Exercise details: Copy the entries without a single change. Pictures should be dropped.

Data extracts:
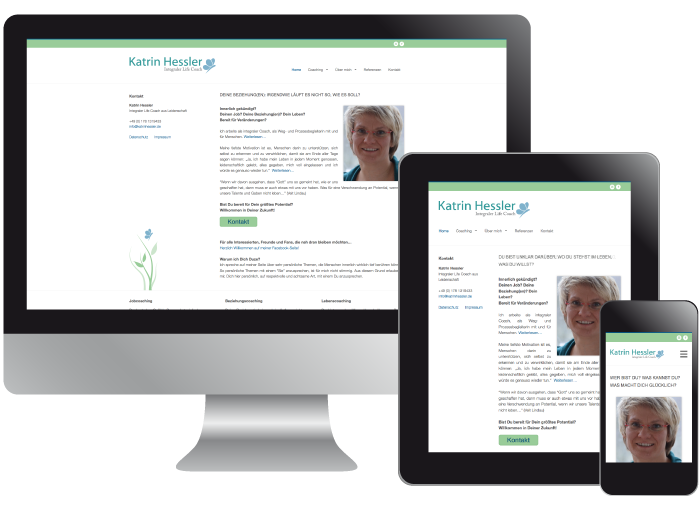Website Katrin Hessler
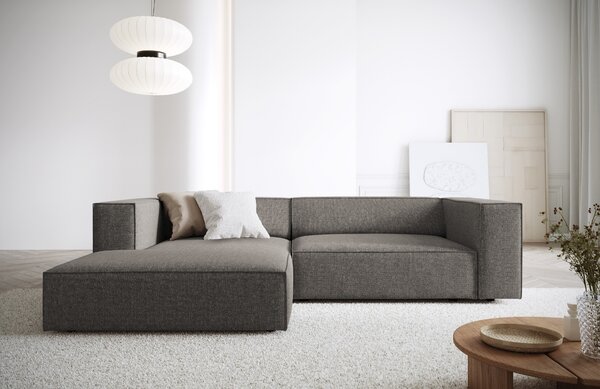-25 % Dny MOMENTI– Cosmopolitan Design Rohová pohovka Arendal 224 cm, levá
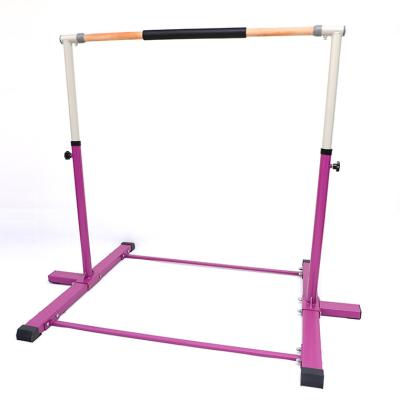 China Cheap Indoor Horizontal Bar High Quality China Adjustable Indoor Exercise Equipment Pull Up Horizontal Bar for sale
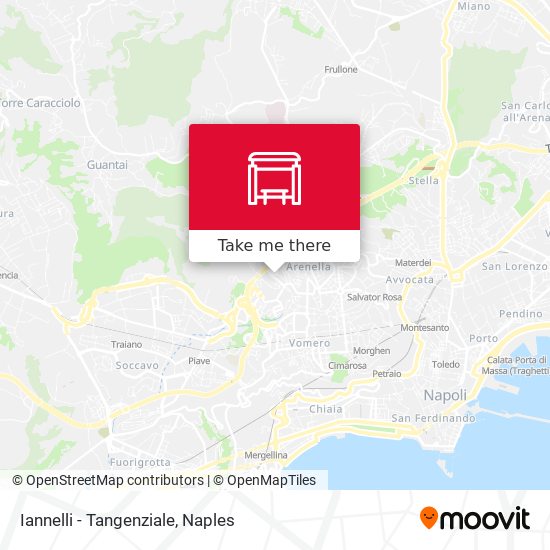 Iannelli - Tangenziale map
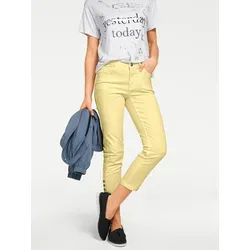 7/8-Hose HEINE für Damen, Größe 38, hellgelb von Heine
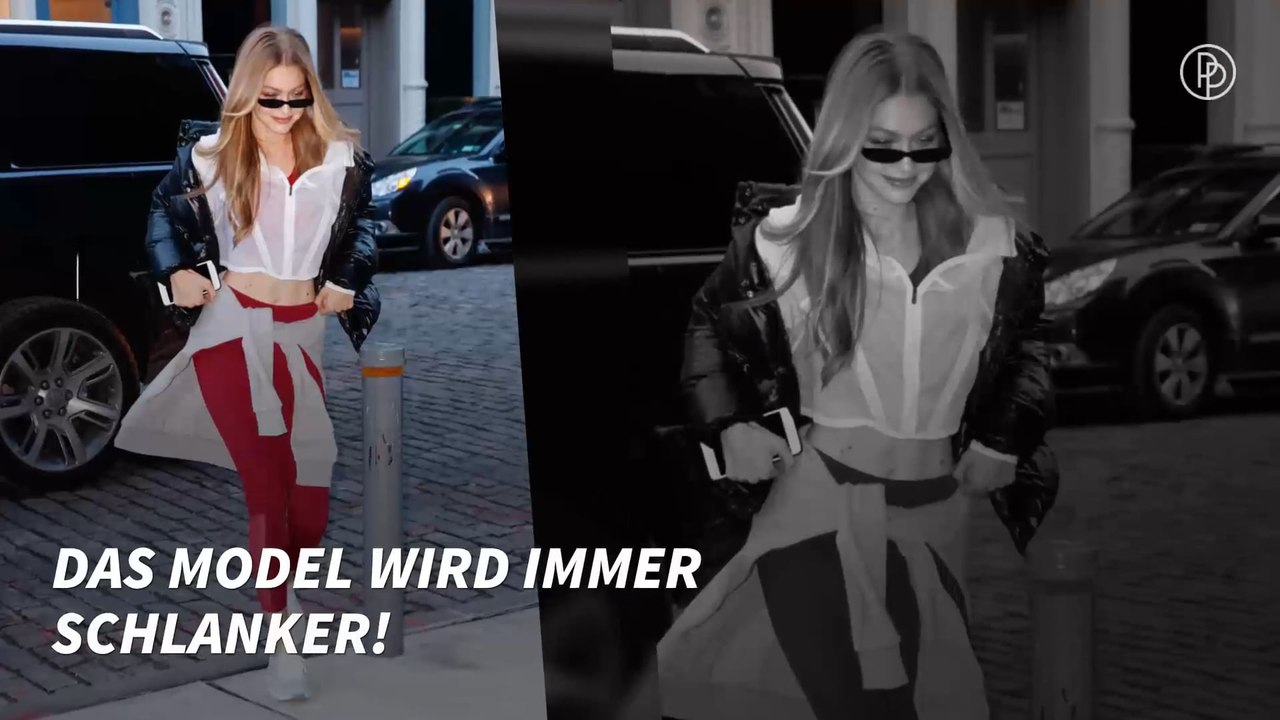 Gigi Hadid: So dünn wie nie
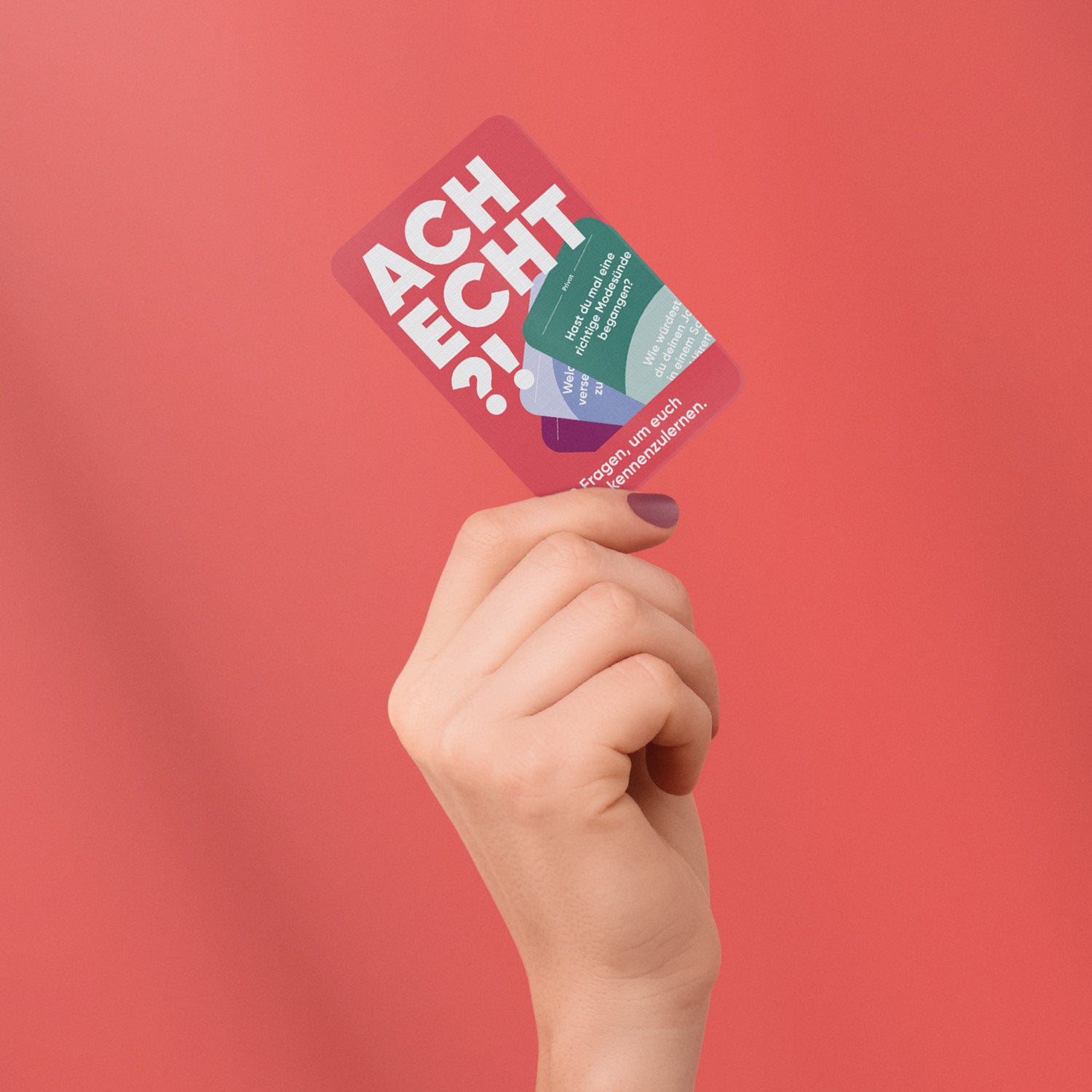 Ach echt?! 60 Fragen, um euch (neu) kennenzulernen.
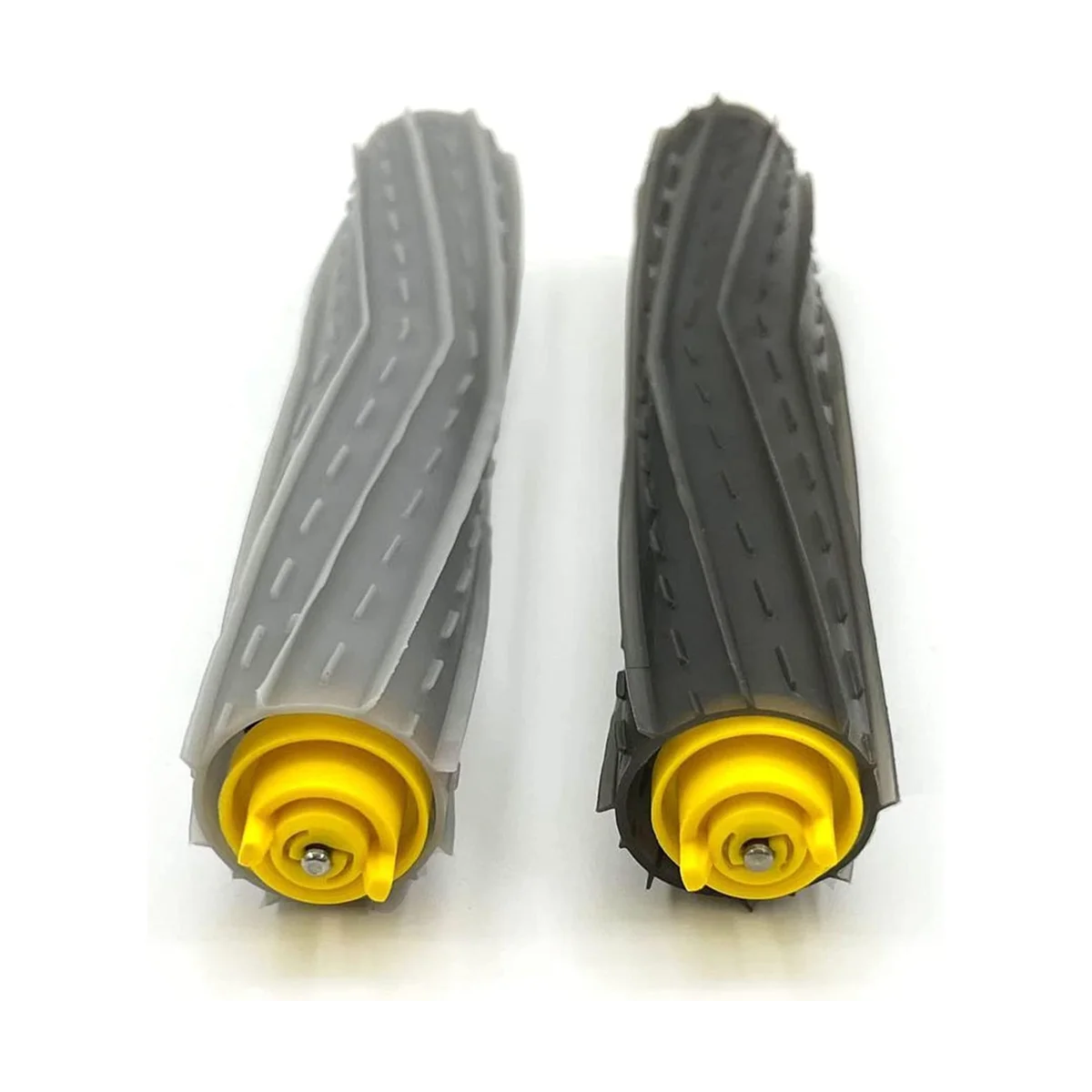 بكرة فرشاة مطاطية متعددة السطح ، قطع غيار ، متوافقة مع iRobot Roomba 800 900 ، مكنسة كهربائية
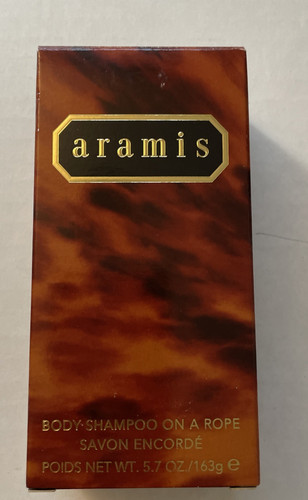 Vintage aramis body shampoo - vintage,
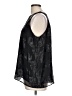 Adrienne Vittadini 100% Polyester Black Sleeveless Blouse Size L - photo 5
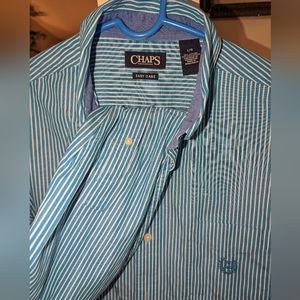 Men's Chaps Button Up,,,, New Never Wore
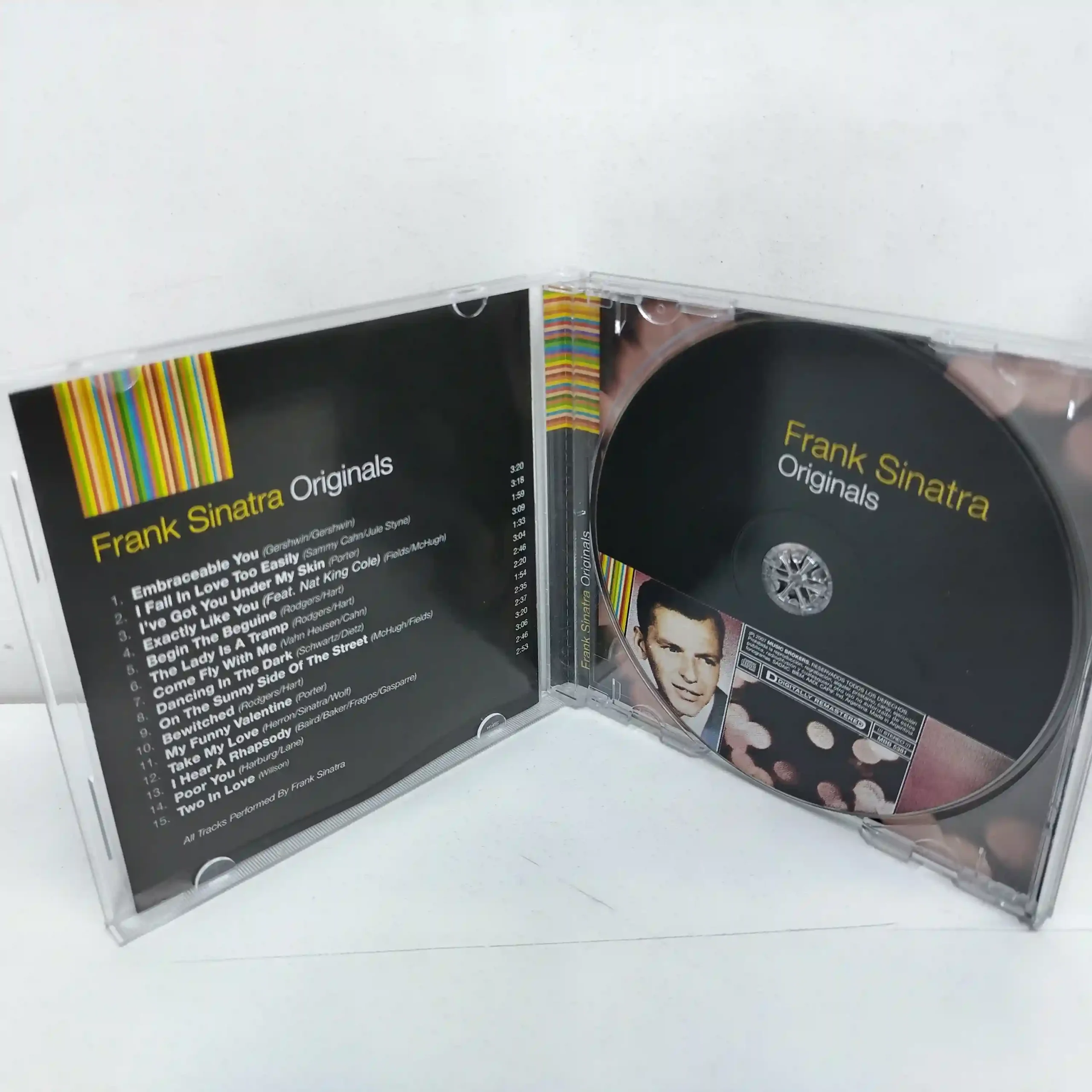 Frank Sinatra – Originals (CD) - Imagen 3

Response area:
Website Katrin Hessler
-25 % Dny MOMENTI– Cosmopolitan Design Rohová pohovka Arendal 224 cm, levá
 China Cheap Indoor Horizontal Bar High Quality China Adjustable Indoor Exercise Equipment Pull Up Horizontal Bar for sale
 Iannelli - Tangenziale map
 7/8-Hose HEINE für Damen, Größe 38, hellgelb von Heine
 Gigi Hadid: So dünn wie nie
 Ach echt?! 60 Fragen, um euch (neu) kennenzulernen.
 بكرة فرشاة مطاطية متعددة السطح ، قطع غيار ، متوافقة مع iRobot Roomba 800 900 ، مكنسة كهربائية
 Vintage aramis body shampoo - vintage,
 Adrienne Vittadini 100% Polyester Black Sleeveless Blouse Size L - photo 5
 Men's Chaps Button Up,,,, New Never Wore
 Frank Sinatra – Originals (CD) - Imagen 3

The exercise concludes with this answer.